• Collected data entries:
####

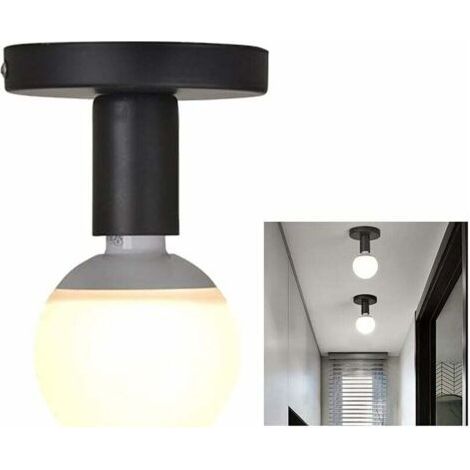 Industriel Plafonnier Industrielle Vintage métal Suspension Luminaire,Plafonnier Fer forge Mini plafonnier créatif moderne,pour Entrée,Porche,Couloir,Grenier,allée,Salle à Manger.(noir)-(Sans Ampoule) (1/4)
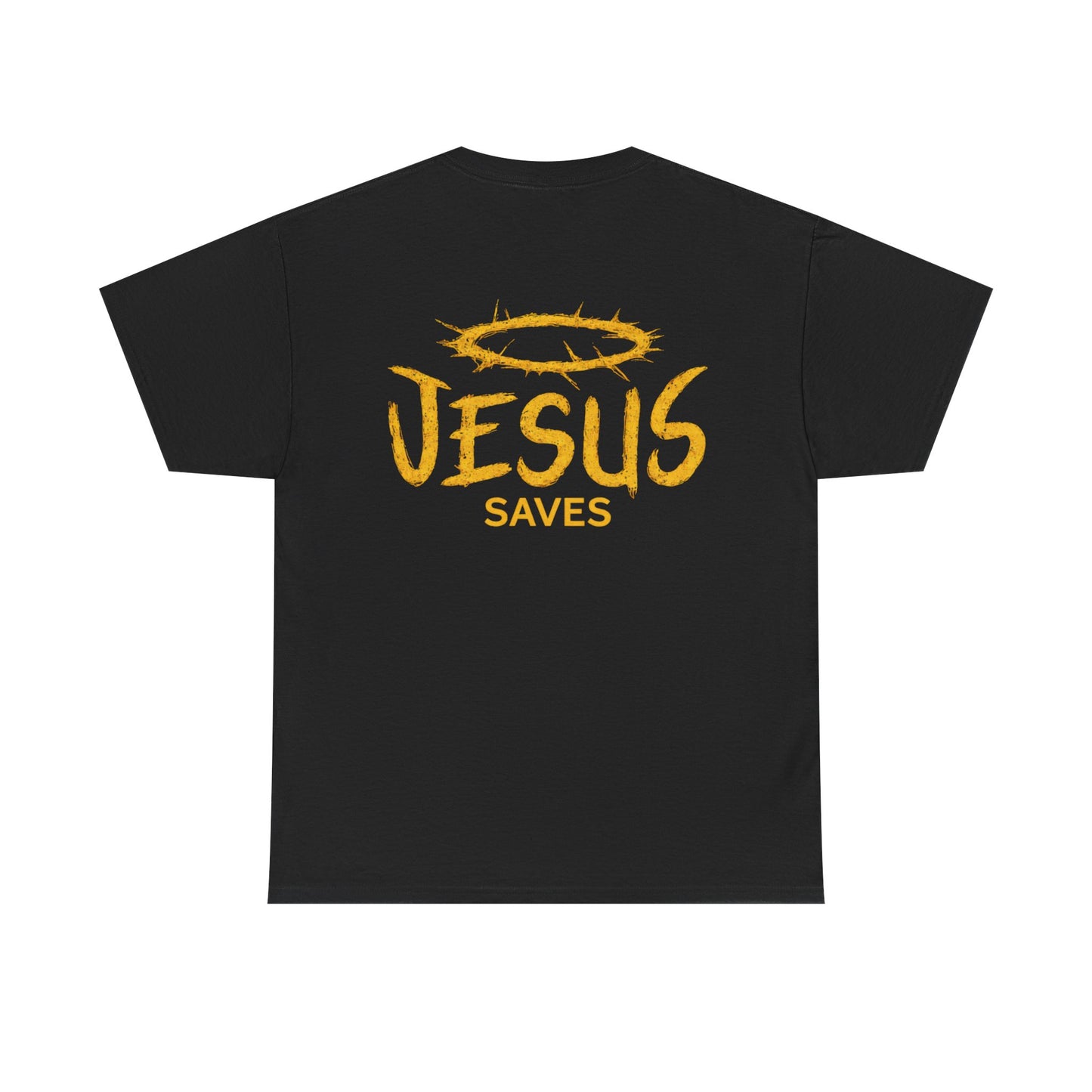 Christian T-Shirt — Yellow ‘Jesus Saves’ Halo Smiley Tee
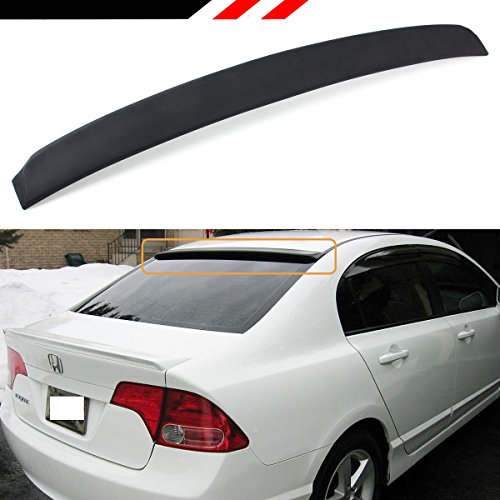 Cuztom Tuning Fits for 2006-2015 Honda Civic LX/EX/SI/Sport 8TH 9TH Gen 4 Door Sedan JDM VIP Rear Window Roof Top Spoiler- Unpainted Black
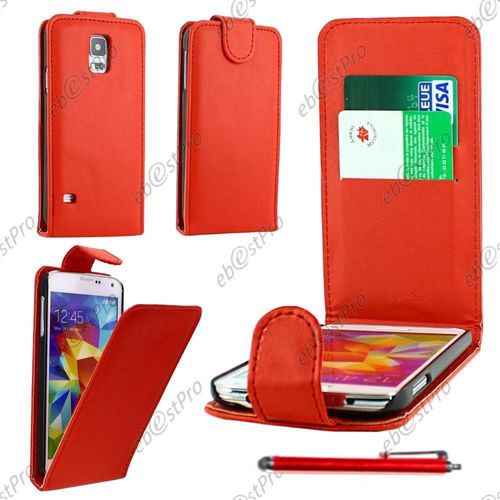 Ebeststar  Housse Coque Etui Simili Cuir  Rabat Vertical Pour Samsung Galaxy S5 Sm-G900f, G900, G900h, Couleur Rouge + Stylet + Film Protection D'cran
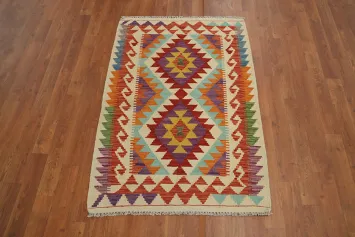 Vibrant Geometric Pattern Kilim Rug 3x4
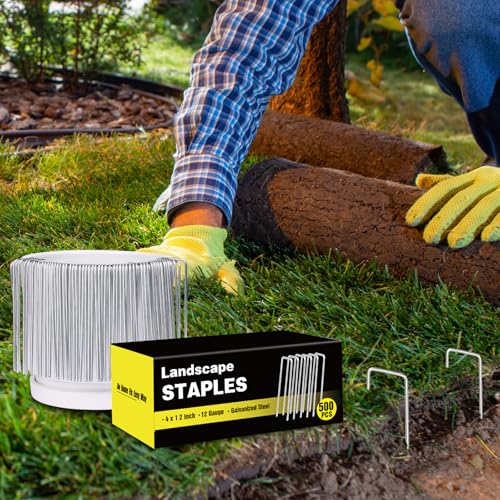 Image of HongWay 500 Pack Landscape Staples 4 Inch, Galvanized Garden Stakes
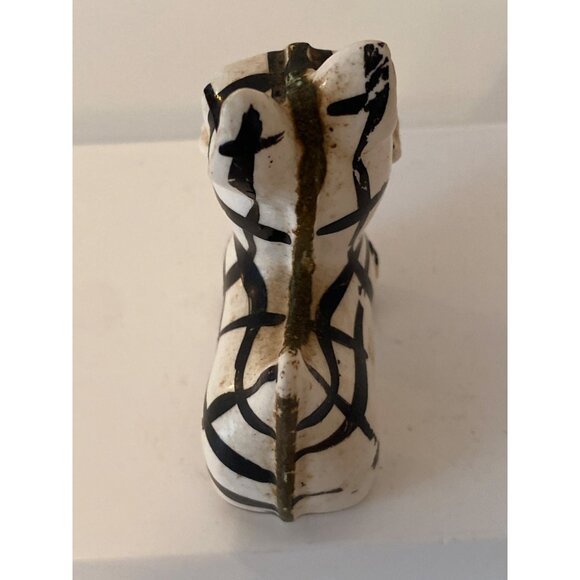 Scottie Terrier Dog Black White Plaid Puppy Porcelain Figurine Vintage - Picture 5 of 9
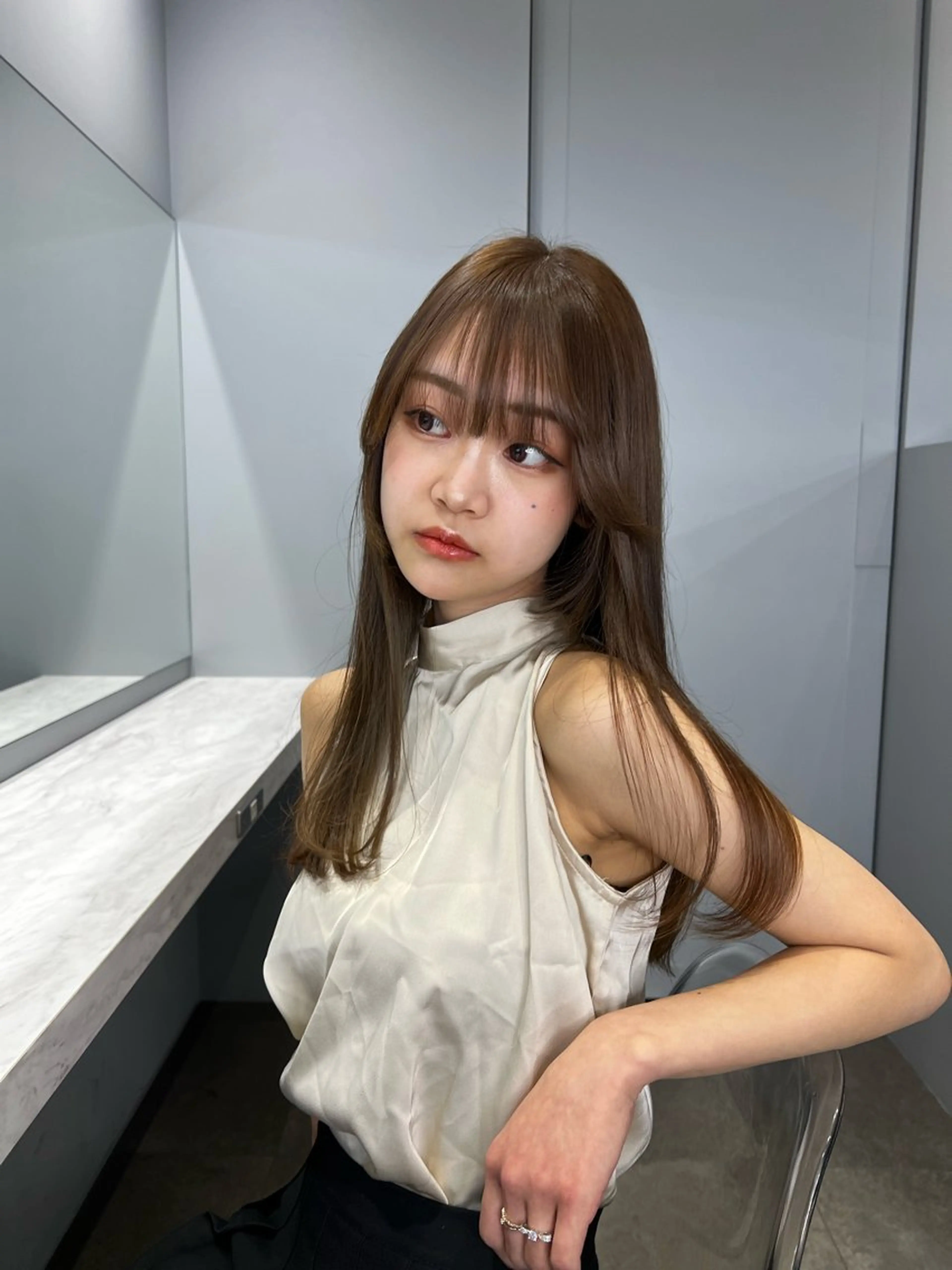 セミロング カラー ブラウンカラー トリートメント 柔らかブラウン/顔周 りレイヤー♡ユウシのヘアスタイル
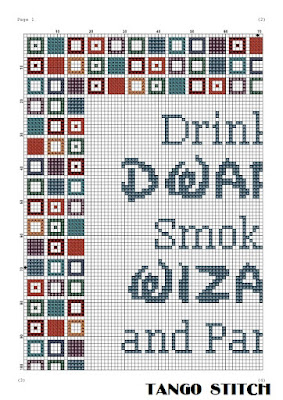 Drink like Dwarves funny cross stitch embroidery design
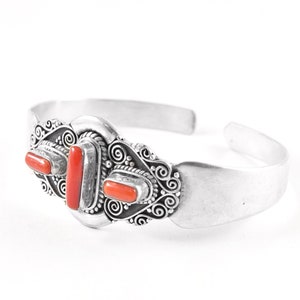 Red Coral Bracelet, Tribal Bracelet, Sterling Silver Bracelet, Boho Bracelet, Natural Red Coral, 92.5 Sterling Silver, Christmas Gift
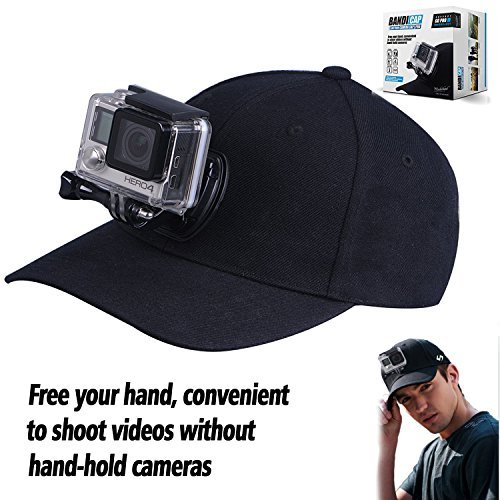 Baseball Hat for GoPro Hero 5/4/3+/3/2/1 with Quick Release Buckle Mount - No Straps on Your Head - One Size Fits All - Black Color 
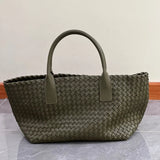 Handwoven Italian Lambskin Tote Bag, Luxury Intrecciato Leather Shoulder Bag with Matching Pouch, Three Sizes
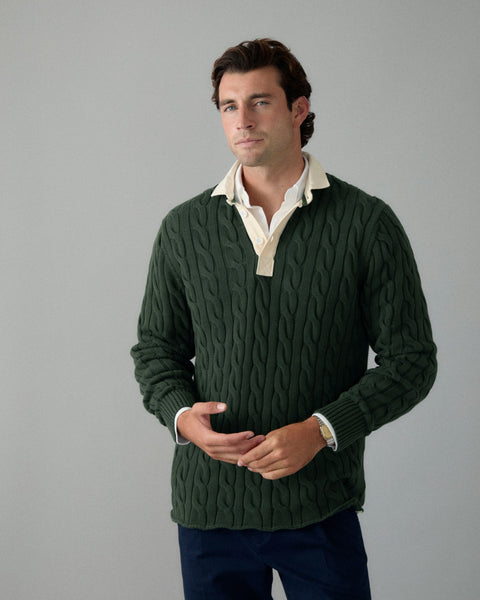 Hunter Green Cotton Cable Knit Rugby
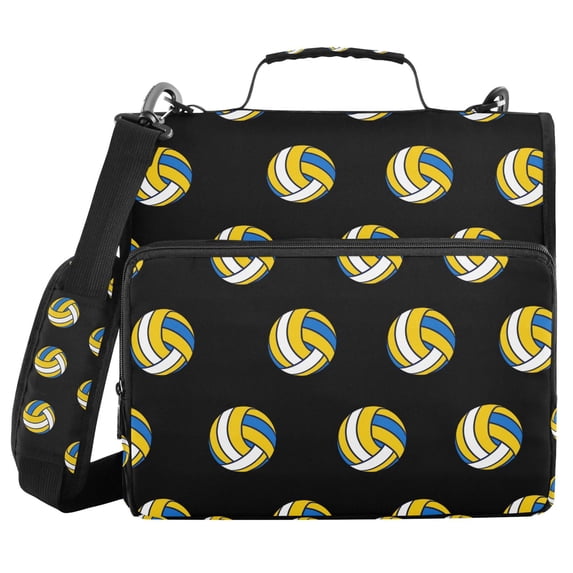 FORMRS Zipper Binder with Shoulder Strap 2-inch Ring 500 Sheet Capacity File Bag, Black Volleyball Pattern
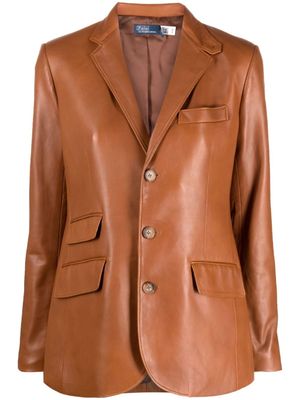 Polo Ralph Lauren blazer à simple boutonnage Saddle en cuir - Marron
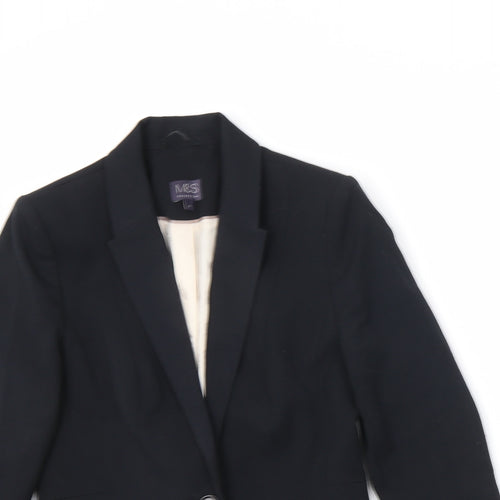 Marks and Spencer Womens Black Jacket Blazer Size 8 Button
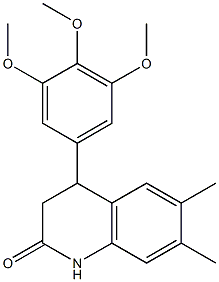 6,7-dimethyl-4-(3,4,5-trimethoxyphenyl)-3,4-dihydro-2(1H)-quinolinone Structure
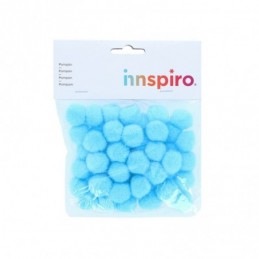POMPONES POLIPROPILENO AZUL 25MM 50UDS
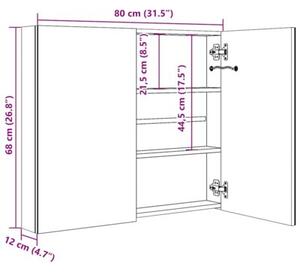 Szafka łazienkowa z lustrem i LED, szara, 80x12x68 cm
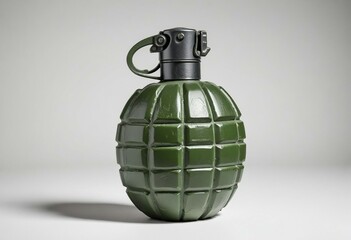 Poster - military grenade, isolated white background.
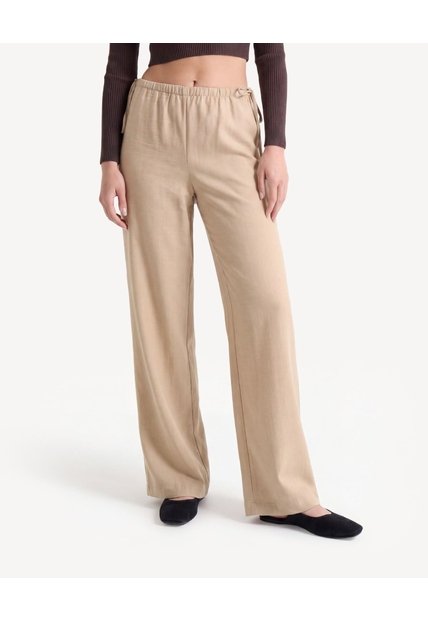 Pantalón Fluido Con Lazos Laterales  Para Mujer Camel Seven Seven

####

• Exercise objective: Please quote exactly the run of lines that starts the entries and ends at the line containing "Polo Ralph Lauren", leaving out every picture.

• Answer:
 Industriel Plafonnier Industrielle Vintage métal Suspension Luminaire,Plafonnier Fer forge Mini plafonnier créatif moderne,pour Entrée,Porche,Couloir,Grenier,allée,Salle à Manger.(noir)-(Sans Ampoule) (1/4)
 Christian T-Shirt — Yellow ‘Jesus Saves’ Halo Smiley Tee
 Cuztom Tuning Fits for 2006-2015 Honda Civic LX/EX/SI/Sport 8TH 9TH Gen 4 Door Sedan JDM VIP Rear Window Roof Top Spoiler- Unpainted Black
 Ebeststar  Housse Coque Etui Simili Cuir  Rabat Vertical Pour Samsung Galaxy S5 Sm-G900f, G900, G900h, Couleur Rouge + Stylet + Film Protection D'cran
 Vibrant Geometric Pattern Kilim Rug 3x4
 Image of HongWay 500 Pack Landscape Staples 4 Inch, Galvanized Garden Stakes
 Scottie Terrier Dog Black White Plaid Puppy Porcelain Figurine Vintage - Picture 5 of 9
 セミロング カラー ブラウンカラー トリートメント 柔らかブラウン/顔周 りレイヤー♡ユウシのヘアスタイル
 Drink like Dwarves funny cross stitch embroidery design
 Red Coral Bracelet, Tribal Bracelet, Sterling Silver Bracelet, Boho Bracelet, Natural Red Coral, 92.5 Sterling Silver, Christmas Gift
 Baseball Hat for GoPro Hero 5/4/3+/3/2/1 with Quick Release Buckle Mount - No Straps on Your Head - One Size Fits All - Black Color 
 Handwoven Italian Lambskin Tote Bag, Luxury Intrecciato Leather Shoulder Bag with Matching Pouch, Three Sizes
 Hunter Green Cotton Cable Knit Rugby
 FORMRS Zipper Binder with Shoulder Strap 2-inch Ring 500 Sheet Capacity File Bag, Black Volleyball Pattern
 Polo Ralph Lauren blazer à simple boutonnage Saddle en cuir - Marron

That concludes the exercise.